The 83-page judgement further found that “Israel’s policies and practices in the West Bank and East Jerusalem implement a separation between the Palestinian population and the settlers transferred by Israel to the territory”.

In other words, Israel is implementing apartheid.

The ICJ declared Israel was obliged to “immediately cease all new settlement activity”, repeal legislation and policies that discriminate against Palestinians or are “aimed at modifying the demographic composition of any parts of the territory” and “provide full reparation for the damage caused” by its illegal occupation.

Twenty years ago, the ICJ issued another advisory opinion that the construction of Israel’s “separation barrier” (better known as the apartheid wall) inside the West Bank was contrary to international law. Just as it did in 2004, Israel is today thumbing its nose at the ICJ’s findings.

Since Hamas’ “Operation Flood” on 7 October last year, Israel’s efforts to extend and consolidate its occupation of Palestinian territory through settlement expansion and settler violence have dramatically escalated.

According to the UN Office of the High Commissioner for Human Rights (OHCHR), 465,000 Israeli settlers lived in the West Bank in September last year. An additional 230,000 lived in East Jerusalem. From 1 November 2022 to 31 October 2023, 24,300 new settlement housing units were approved, the largest increase on record.

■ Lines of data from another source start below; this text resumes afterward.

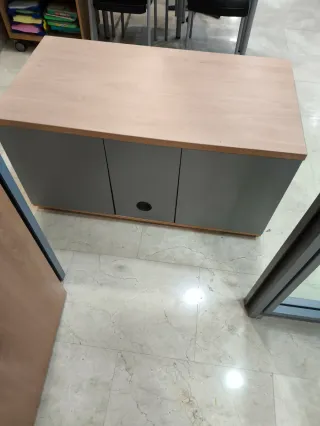 Mueble de oficina madera y metal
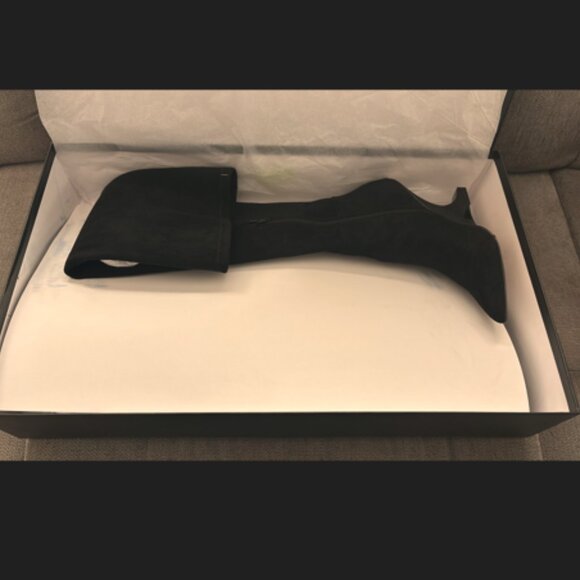 AJ by Aminah Black Over-the-Knee Boots – NEW IN BOX – Unworn & Unapologetic 🔥 - Picture 3 of 8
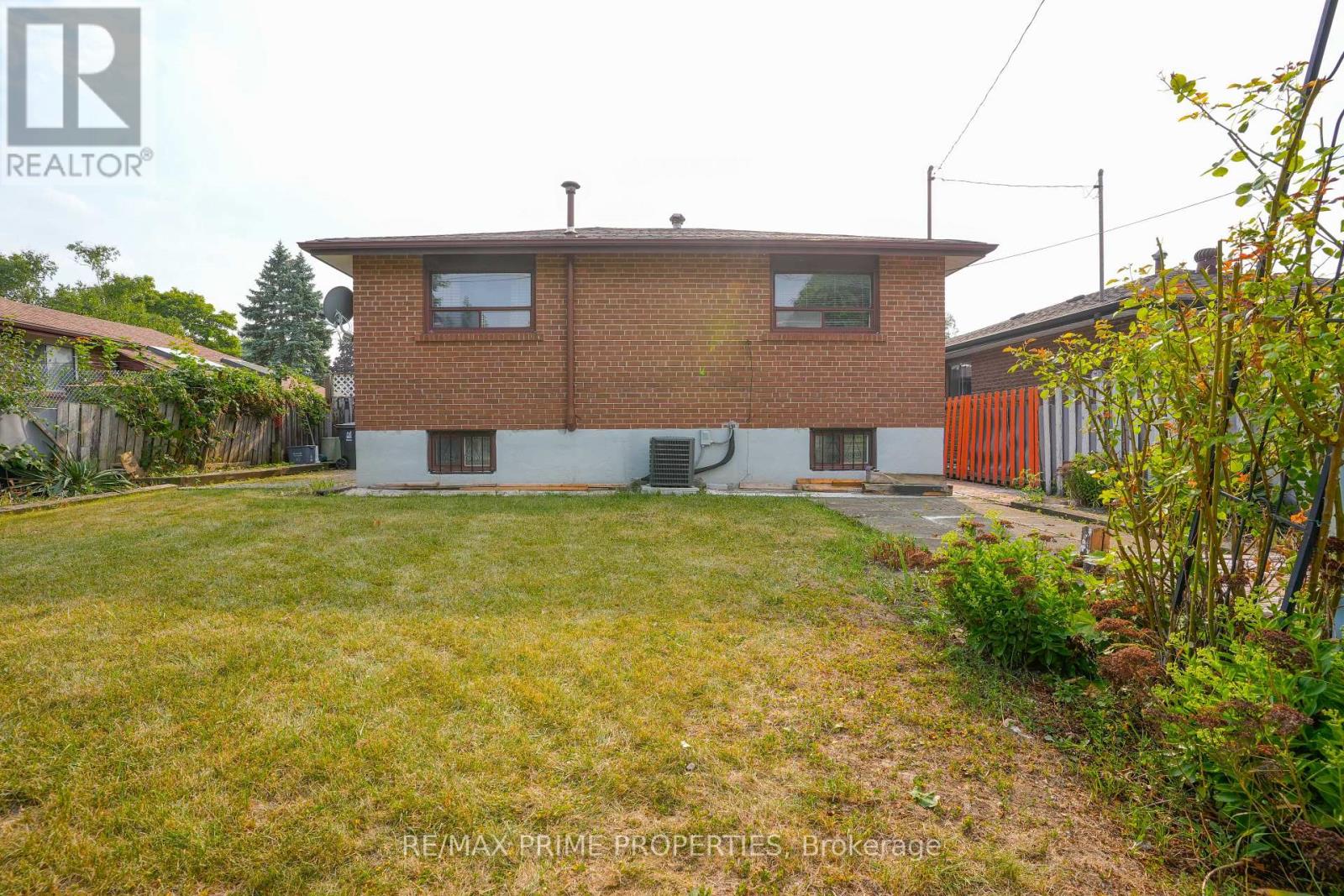 81 Silverstone Drive, Toronto, Ontario  M9V 3G4 - Photo 44 - W12319800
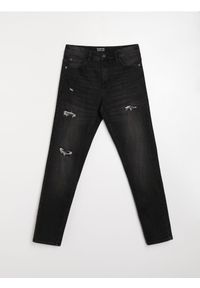 Sinsay - Jeansy slim z dziurami - czarny. Kolor: czarny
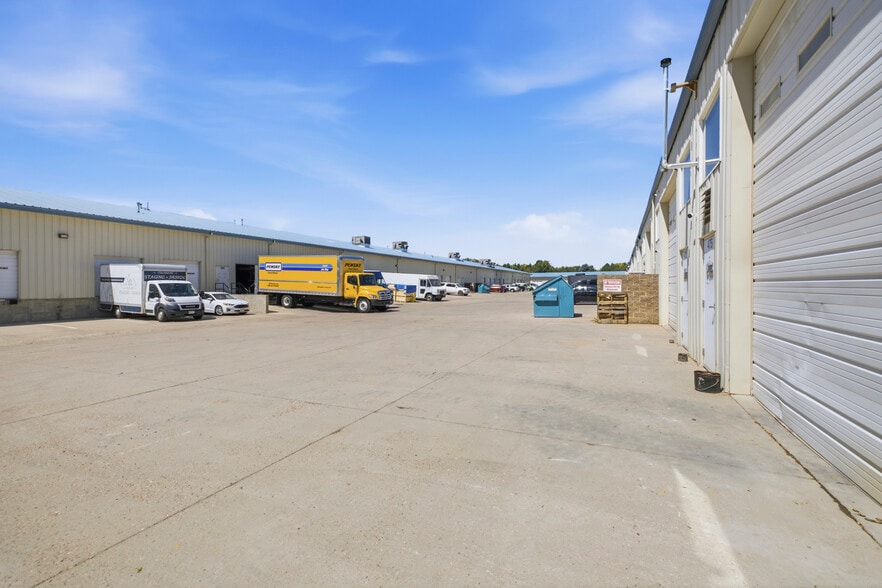More Photos Of 449-477 Denver Ave, Loveland Light Distribution For Lease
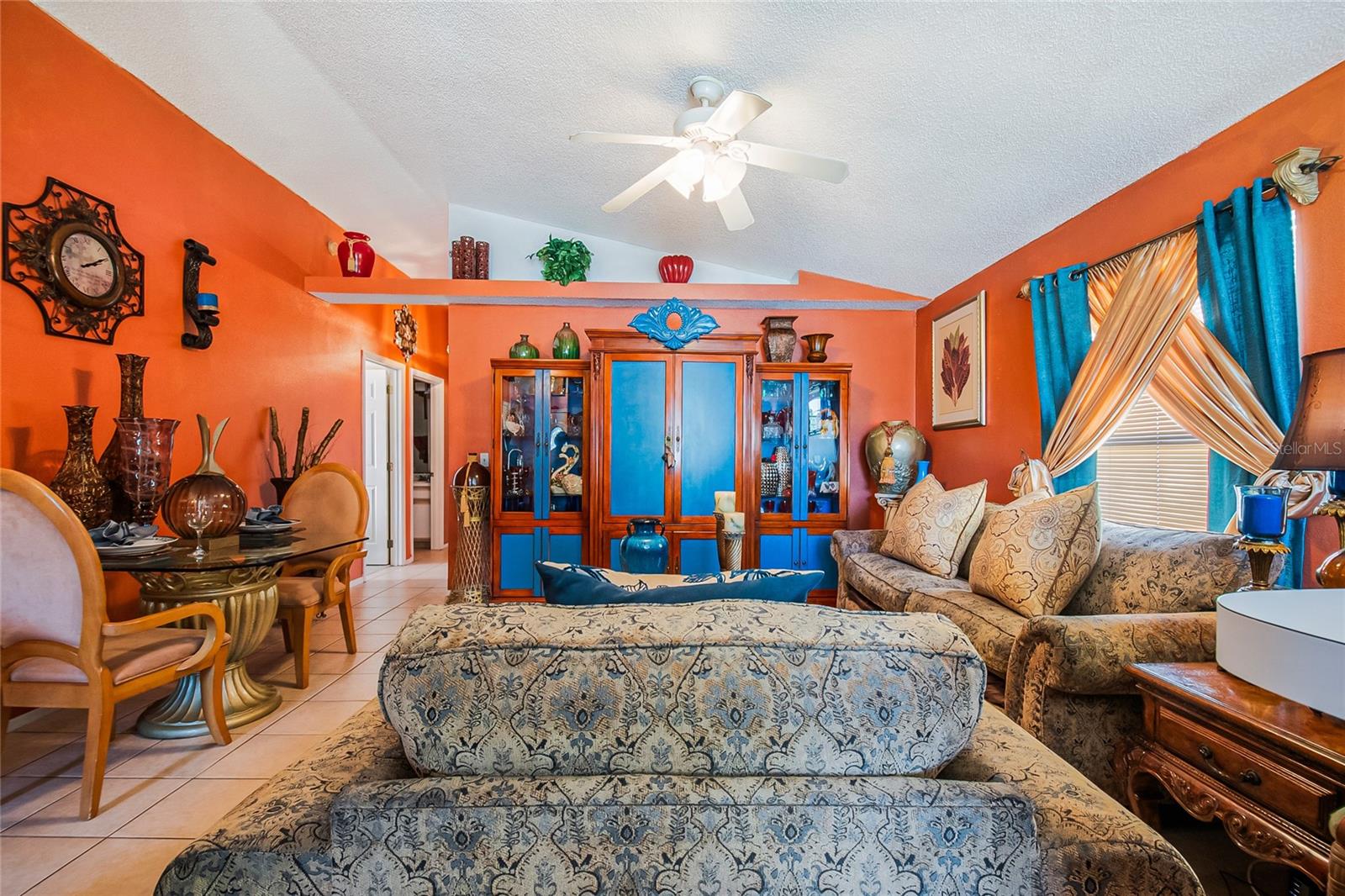 EDGEWATER SHORES - Residential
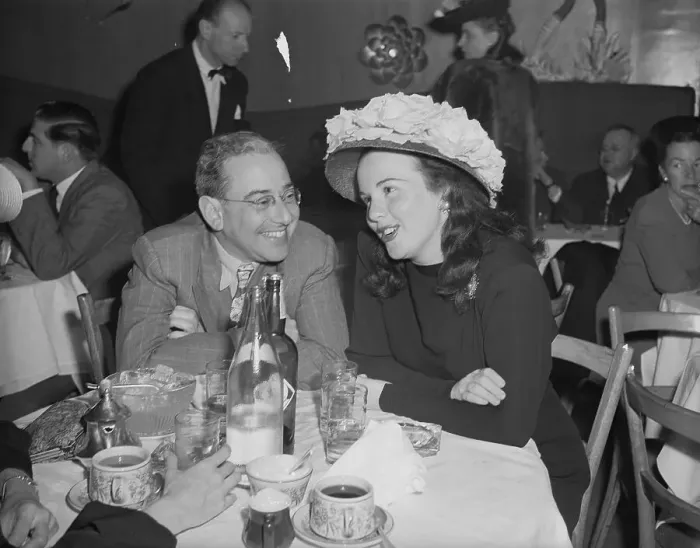 Framed Print : Felix Jackson With Wife Deanna Durbin Framed Print : Felix Jackson With Wife Deanna Durbin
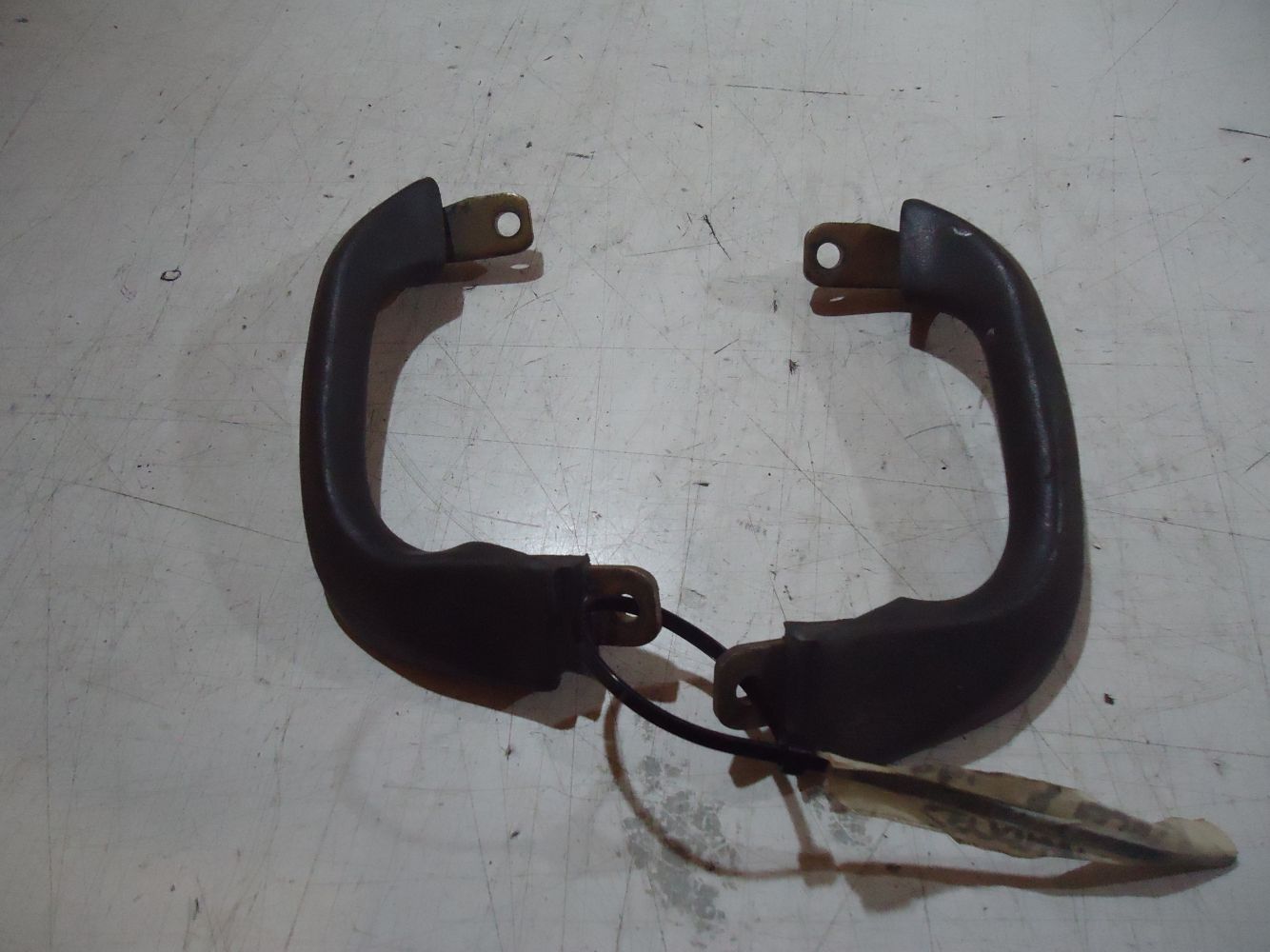 Yamaha XJ600 Diversion Grab Rails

This year, the Netanyahu government has announced thousands of new settlements planned across East Jerusalem and the West Bank. At the same time, settlers have become increasingly emboldened to establish new outposts. These typically begin without official government approval but receive assistance to establish roads and infrastructure. The Israeli military stands ready to detain any Palestinians that get in their way.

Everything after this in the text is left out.